*** Listed records ***

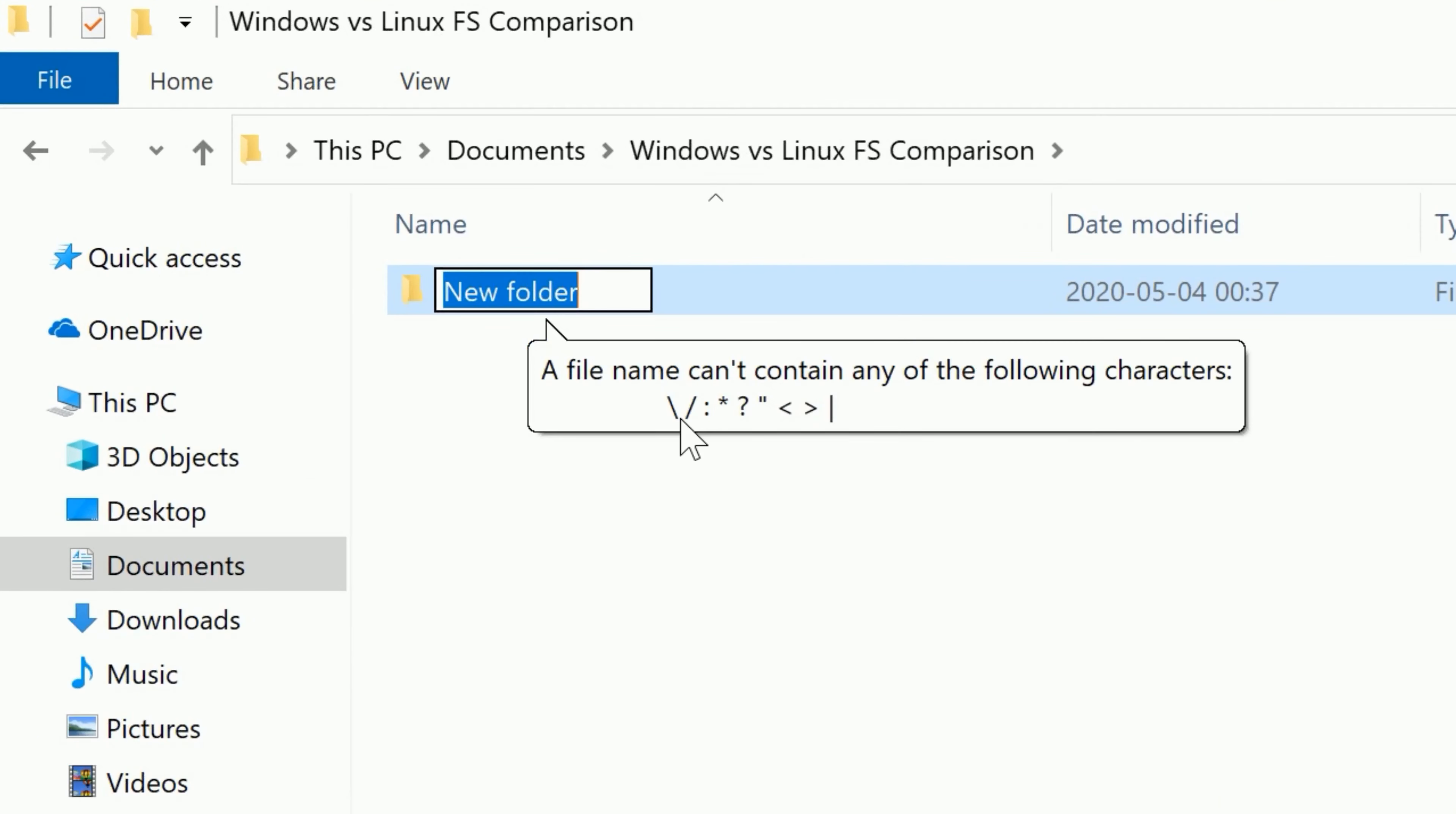colon, asterisk, question mark, double quote, smaller than, larger than, or pipe.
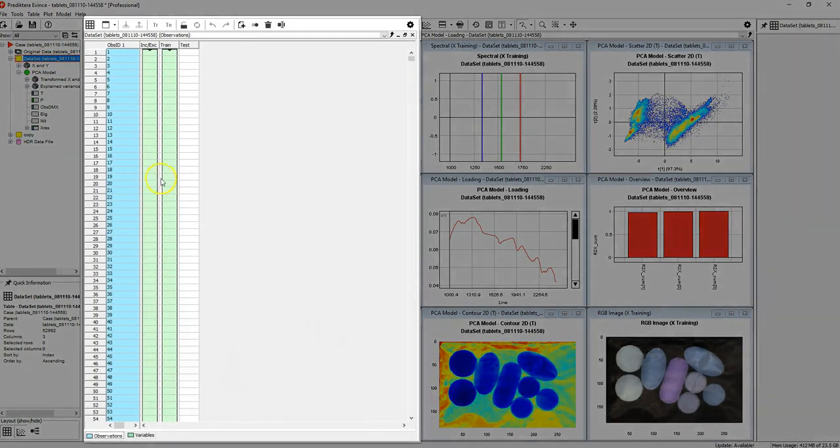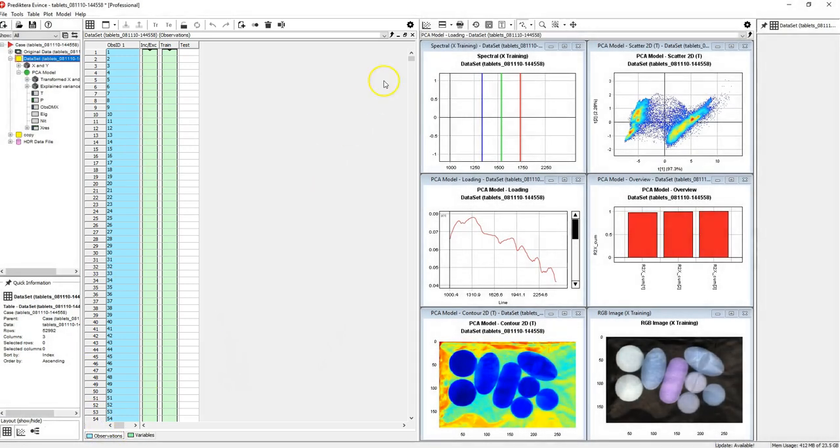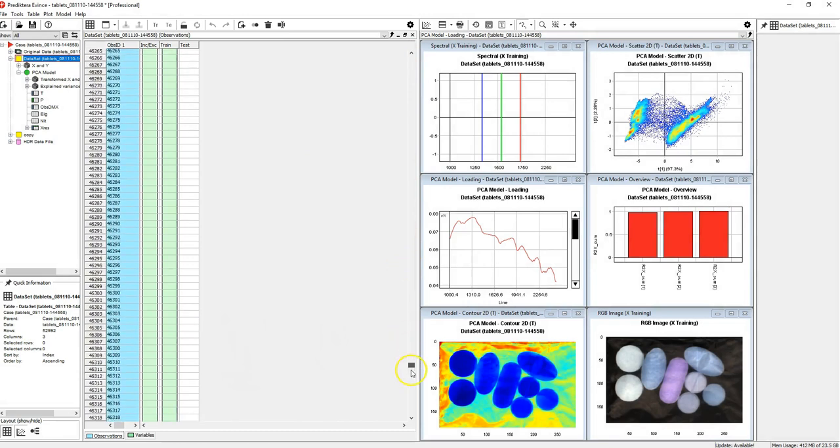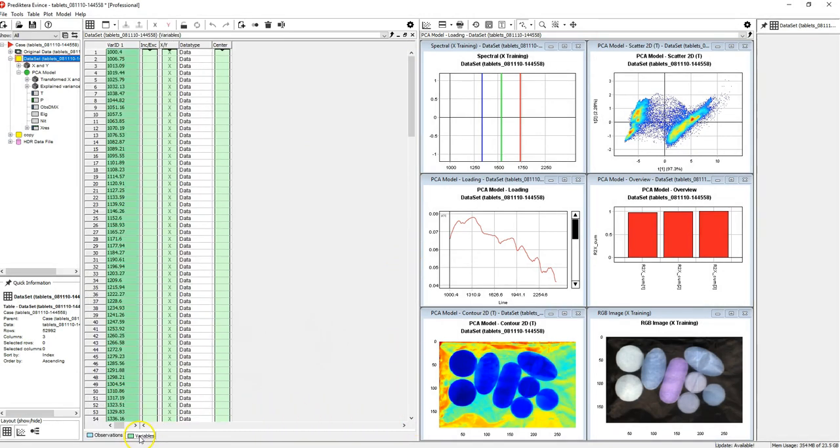The table area shows information in the form of tables. In this case we have a list of observations or pixels in our dataset, and a list of our variables.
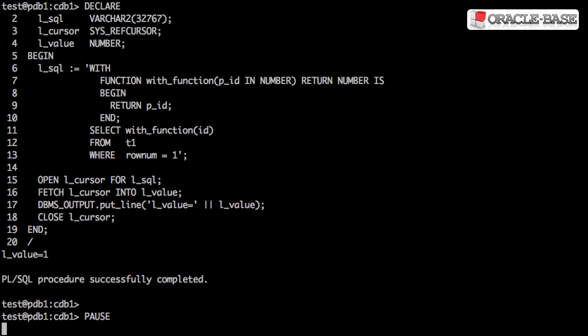You might be asking yourself the question, why would I bother doing this? The reason is it actually makes calling functions from SQL a lot faster.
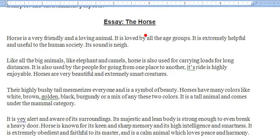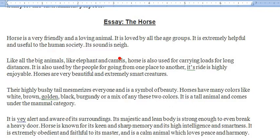Let's read the essay 'The Horse' — yani ki ghoade ke baare mein. Horse is a very friendly and loving animal. Joh ghoada hota hai woh bhat dostana aur mohabbat kerne wala janwar hai. It is loved by all age groups. It is extremely helpful and useful to the human society — logon ki maashrat mein yeh bhat zada karamad aur madadgaar hai. Its sound is 'neigh.'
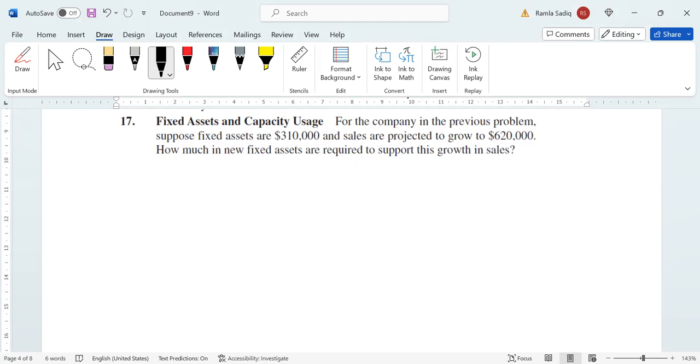To find the new level of fixed assets, we first need to find the current percentage of fixed assets to full capacity sales. So we're going to be calculating fixed assets to full capacity sales. Our fixed assets are $310,000.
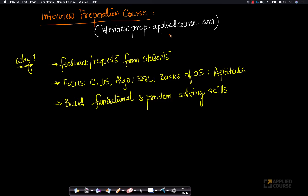Hi friends, we at Applied Course are extremely happy to announce a new course called the Interview Preparation Course, which helps students and working professionals to prepare for software engineer roles at various companies.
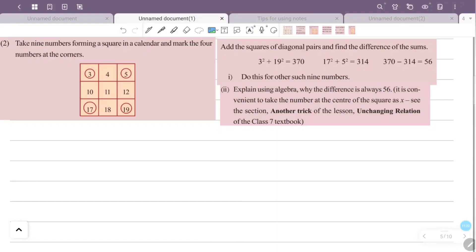Question 2: Take nine numbers forming a square in a calendar and mark the four numbers at the corners. Add the squares of diagonal pairs and find the difference of these sums. For example, 3² + 19² = 370, and 17² + 5² = 314. The difference 370 - 314 = 56. Do this for other such nine numbers and explain using algebra why the difference is always 56.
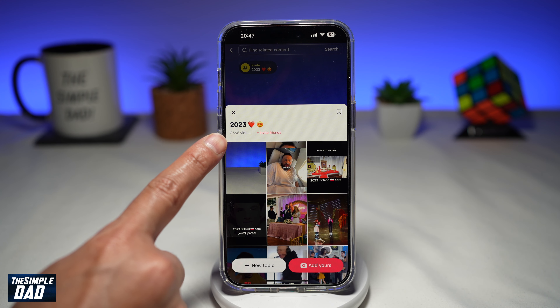So there you go — that is how to find different Add Yours topics on TikTok to use. If you're new on the channel and you want to find out more about your iPhone, your Android phone, or any other social media apps, then don't forget to subscribe to this channel. Hit the like button if you find this video useful. Thank you for watching and see you in the next one.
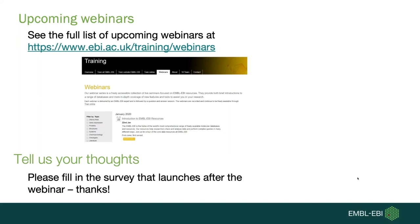Thanks again for today's webinar, and I'd like to thank you for the support in answering questions in the chat box, and thank you all for listening.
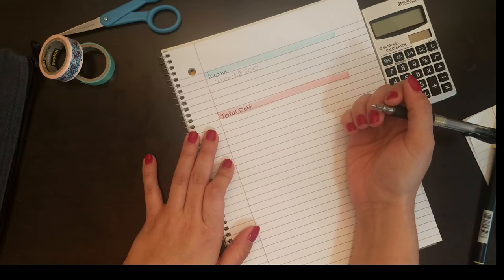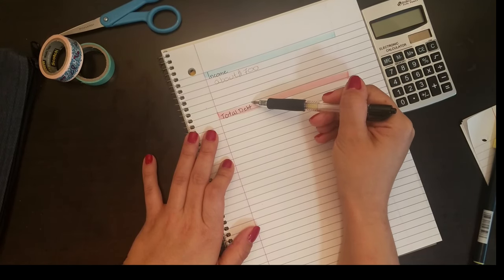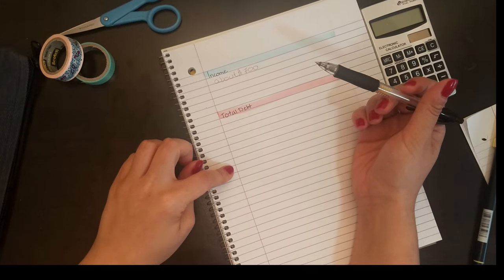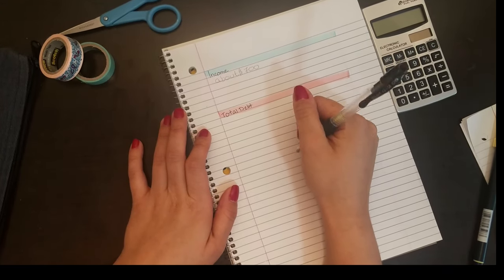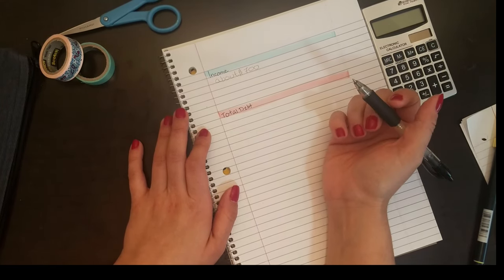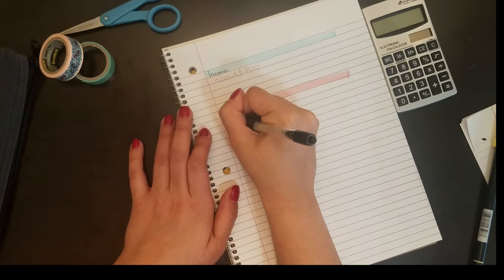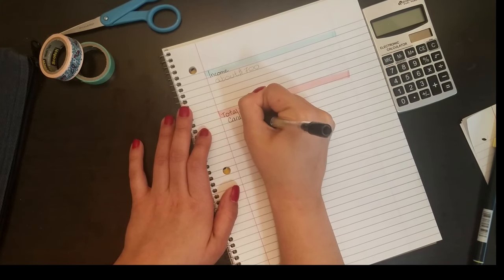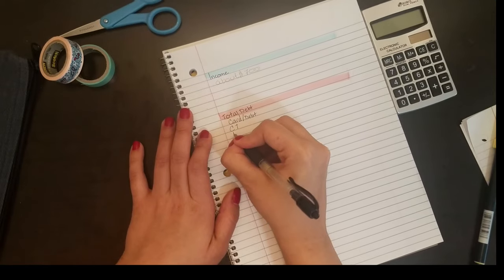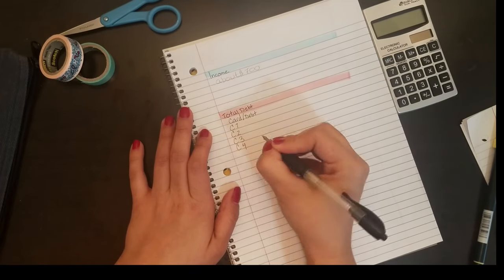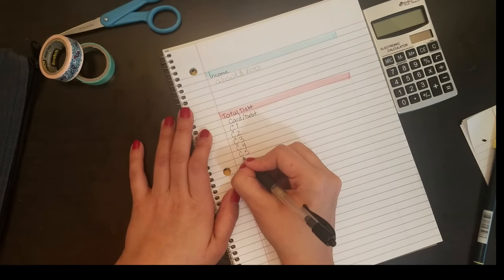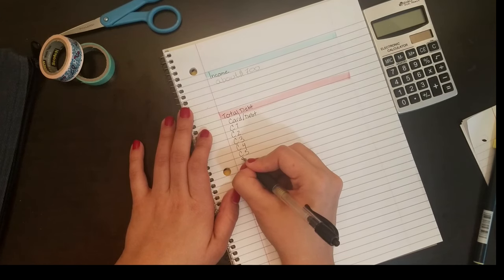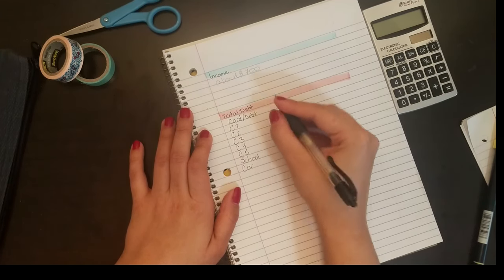The other method that I really love is the avalanche method where you pay off the highest interest rate first. So some cards you'll see I want to pay off first, and then I'm going to use the Dave Ramsey method where he recommends using the snowball method of paying the smallest balances off first.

*** End of Listed records ***

_How to complete this task_
Each record must be quoted in full and exactly. Do not include the pictures.

_Task solution_
colon, asterisk, question mark, double quote, smaller than, larger than, or pipe.
The table area shows information in the form of tables. In this case we have a list of observations or pixels in our dataset, and a list of our variables.
You might be asking yourself the question, why would I bother doing this? The reason is it actually makes calling functions from SQL a lot faster.
Let's read the essay 'The Horse' — yani ki ghoade ke baare mein. Horse is a very friendly and loving animal. Joh ghoada hota hai woh bhat dostana aur mohabbat kerne wala janwar hai. It is loved by all age groups. It is extremely helpful and useful to the human society — logon ki maashrat mein yeh bhat zada karamad aur madadgaar hai. Its sound is 'neigh.'
To find the new level of fixed assets, we first need to find the current percentage of fixed assets to full capacity sales. So we're going to be calculating fixed assets to full capacity sales. Our fixed assets are $310,000.
Hi friends, we at Applied Course are extremely happy to announce a new course called the Interview Preparation Course, which helps students and working professionals to prepare for software engineer roles at various companies.
Question 2: Take nine numbers forming a square in a calendar and mark the four numbers at the corners. Add the squares of diagonal pairs and find the difference of these sums. For example, 3² + 19² = 370, and 17² + 5² = 314. The difference 370 - 314 = 56. Do this for other such nine numbers and explain using algebra why the difference is always 56.
So there you go — that is how to find different Add Yours topics on TikTok to use. If you're new on the channel and you want to find out more about your iPhone, your Android phone, or any other social media apps, then don't forget to subscribe to this channel. Hit the like button if you find this video useful. Thank you for watching and see you in the next one.
Thanks again for today's webinar, and I'd like to thank you for the support in answering questions in the chat box, and thank you all for listening.
The other method that I really love is the avalanche method where you pay off the highest interest rate first. So some cards you'll see I want to pay off first, and then I'm going to use the Dave Ramsey method where he recommends using the snowball method of paying the smallest balances off first.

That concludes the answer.